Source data

━━━━━━━━━━━━━━━━

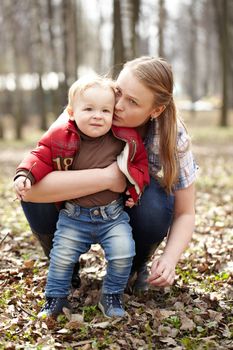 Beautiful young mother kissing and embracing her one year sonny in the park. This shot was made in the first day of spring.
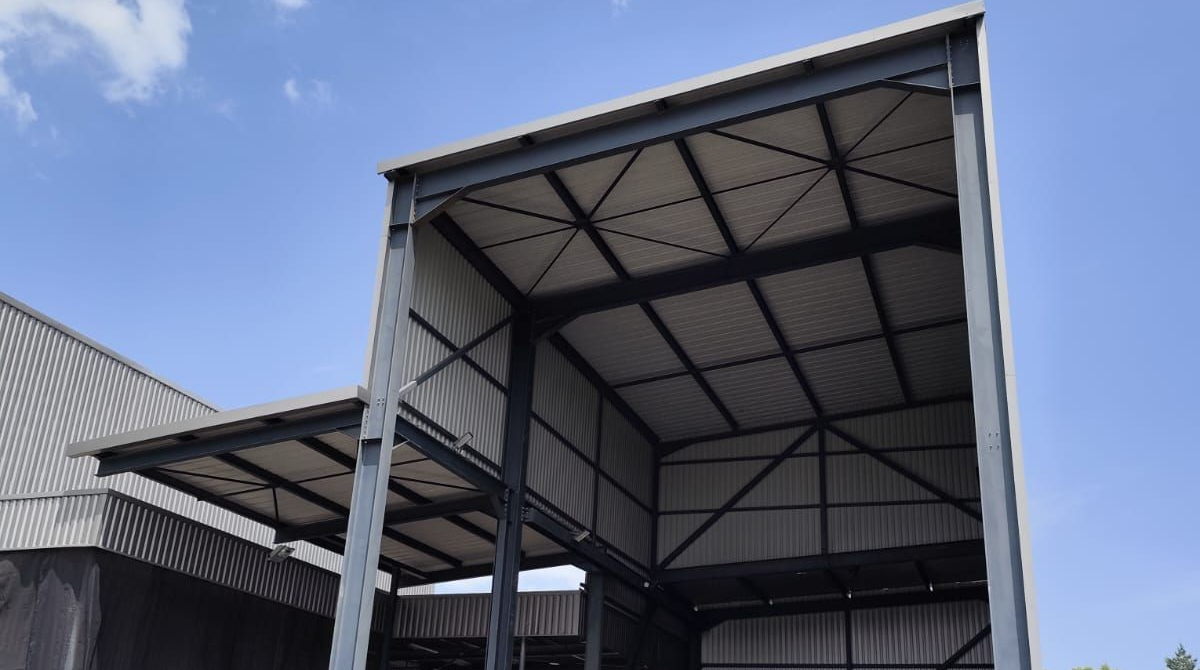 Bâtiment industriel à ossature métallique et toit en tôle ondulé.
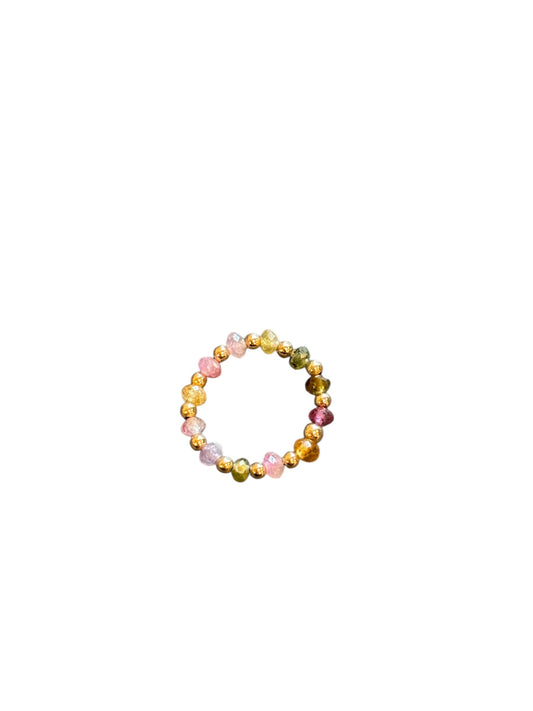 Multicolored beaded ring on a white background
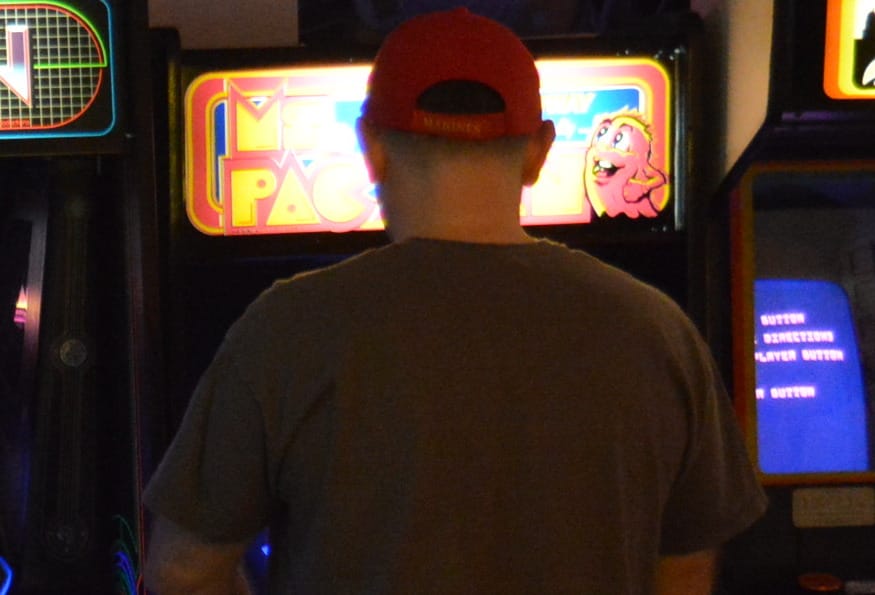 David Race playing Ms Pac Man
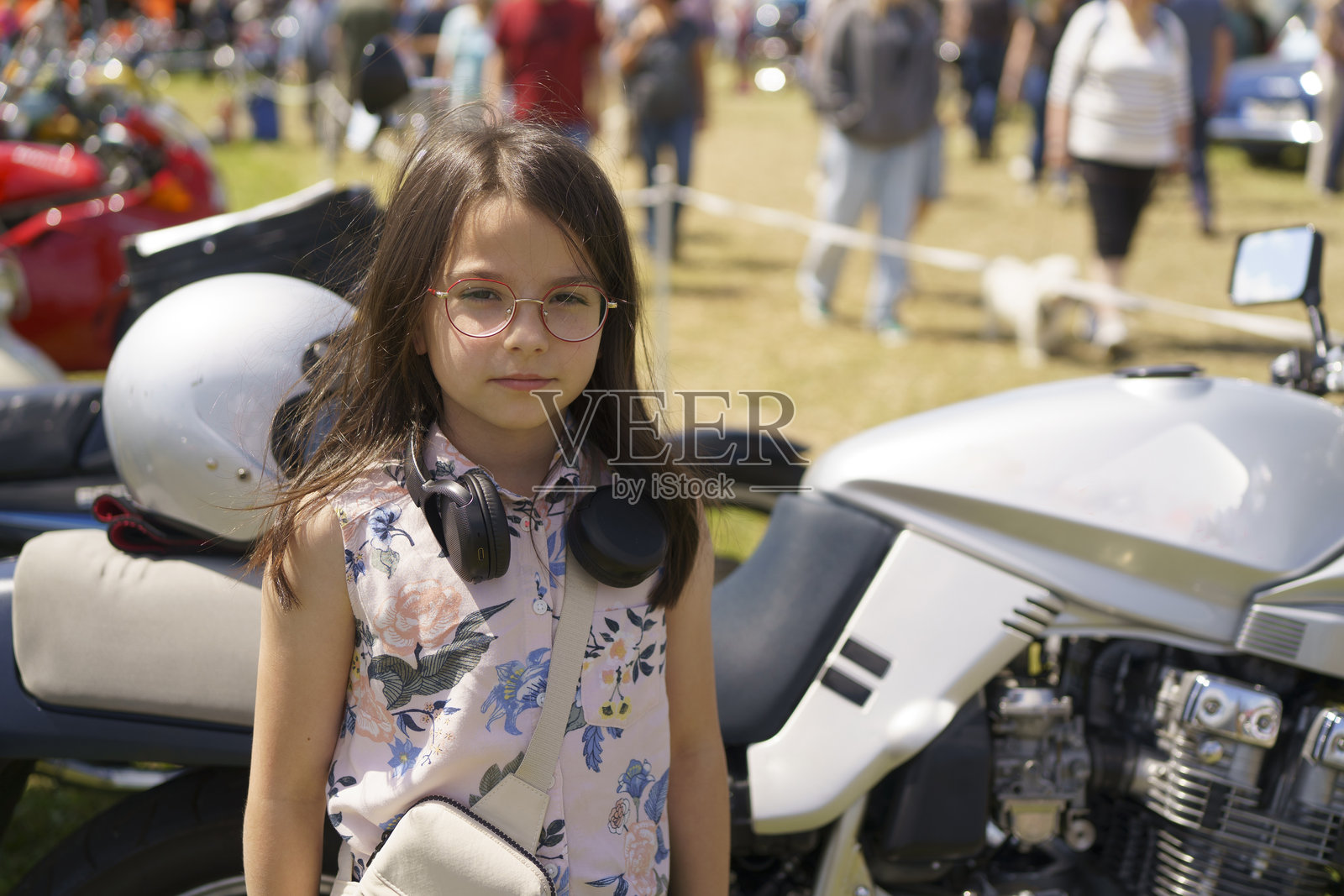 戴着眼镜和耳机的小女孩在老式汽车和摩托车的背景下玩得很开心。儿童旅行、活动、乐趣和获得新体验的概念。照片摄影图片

━━━━━━━━━━━━━━━━

**Aim of the exercise:**
Go through the data above and transcribe it in full, omitting any image.

**Your response:**
 Beautiful young mother kissing and embracing her one year sonny in the park. This shot was made in the first day of spring.
 Bâtiment industriel à ossature métallique et toit en tôle ondulé.
 Multicolored beaded ring on a white background
 David Race playing Ms Pac Man
 戴着眼镜和耳机的小女孩在老式汽车和摩托车的背景下玩得很开心。儿童旅行、活动、乐趣和获得新体验的概念。照片摄影图片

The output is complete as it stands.